#### [Work to complete]
Under this line is a listing; return exactly the lines starting at the one with "MONDIAZ TURE-DLUX Meuble" and running down to the one with "Alchemy Gothic Bacchanal", and leave out its pictures.

───── Extracted records ─────

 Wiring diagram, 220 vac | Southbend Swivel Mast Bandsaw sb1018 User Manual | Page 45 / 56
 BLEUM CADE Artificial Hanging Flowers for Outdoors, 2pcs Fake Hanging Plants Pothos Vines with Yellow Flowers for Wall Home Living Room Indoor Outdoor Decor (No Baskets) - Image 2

─────
───── Extracted records ─────

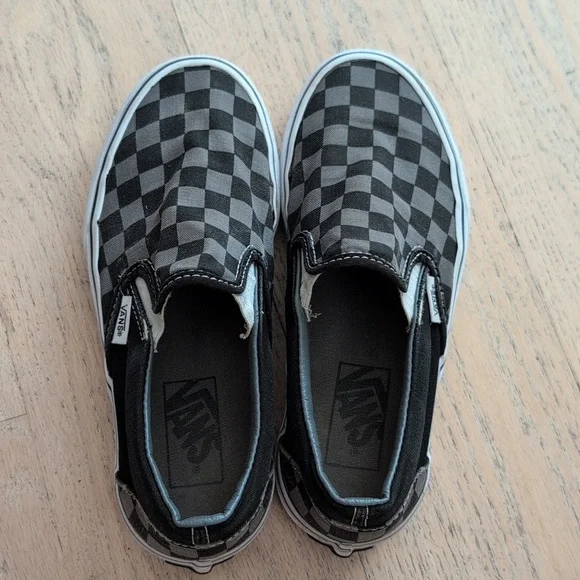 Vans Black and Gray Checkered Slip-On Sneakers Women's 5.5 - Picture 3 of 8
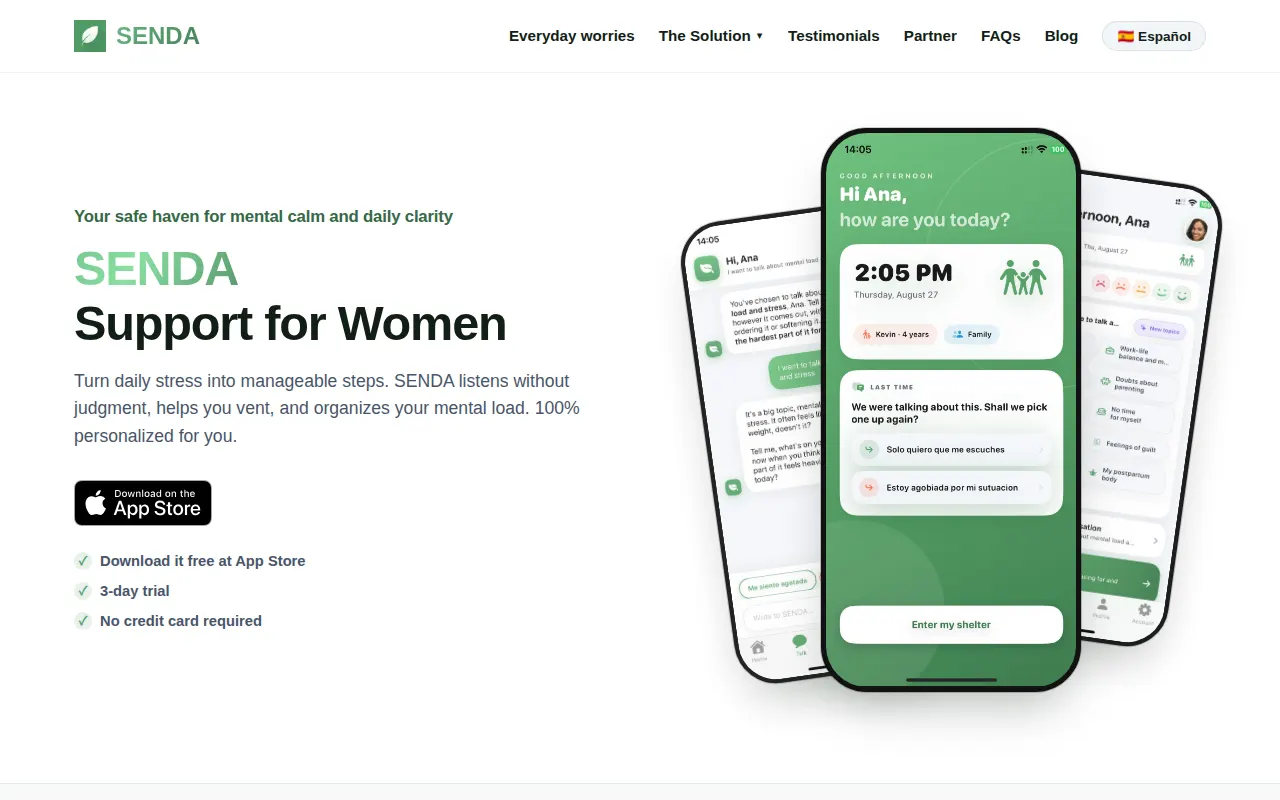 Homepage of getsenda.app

─────
───── Extracted records ─────

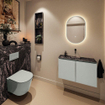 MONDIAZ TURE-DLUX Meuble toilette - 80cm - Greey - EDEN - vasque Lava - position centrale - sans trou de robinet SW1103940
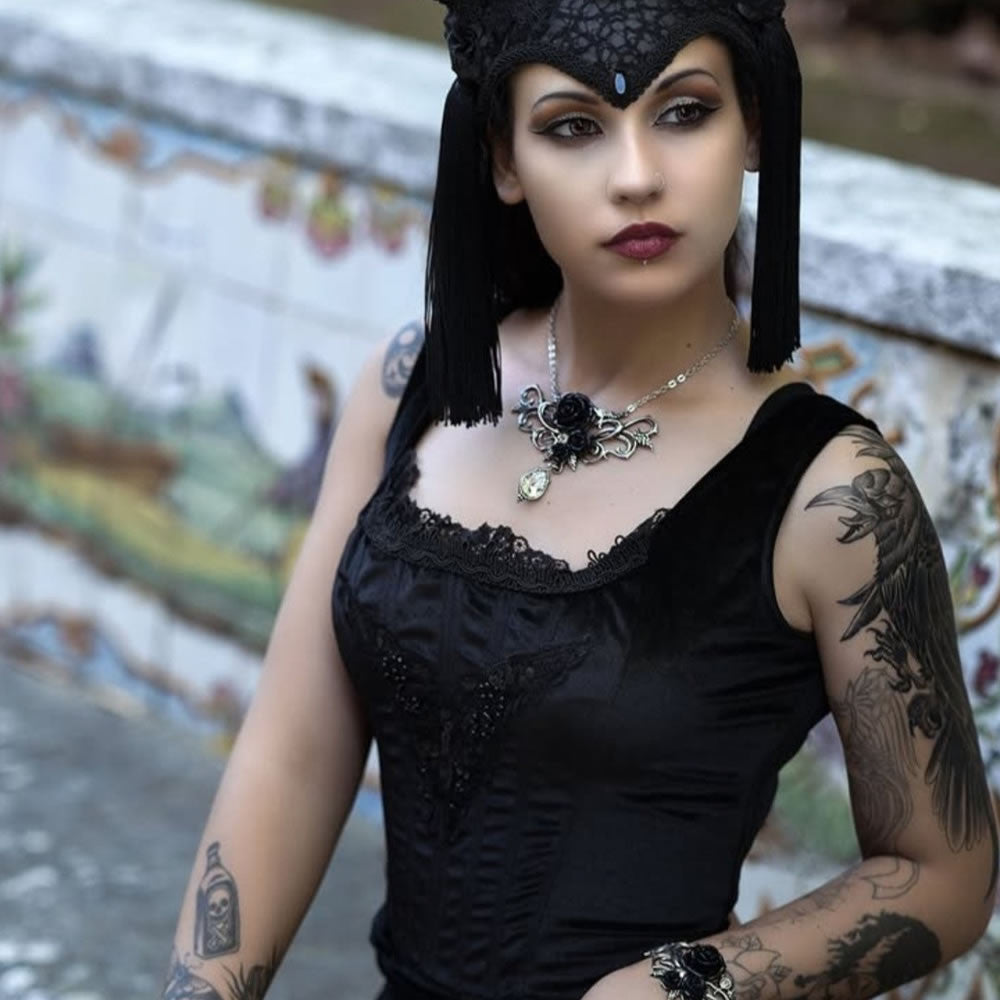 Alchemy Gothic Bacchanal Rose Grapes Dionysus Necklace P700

─────

#### [Problem solution]
 MONDIAZ TURE-DLUX Meuble toilette - 80cm - Greey - EDEN - vasque Lava - position centrale - sans trou de robinet SW1103940
 Alchemy Gothic Bacchanal Rose Grapes Dionysus Necklace P700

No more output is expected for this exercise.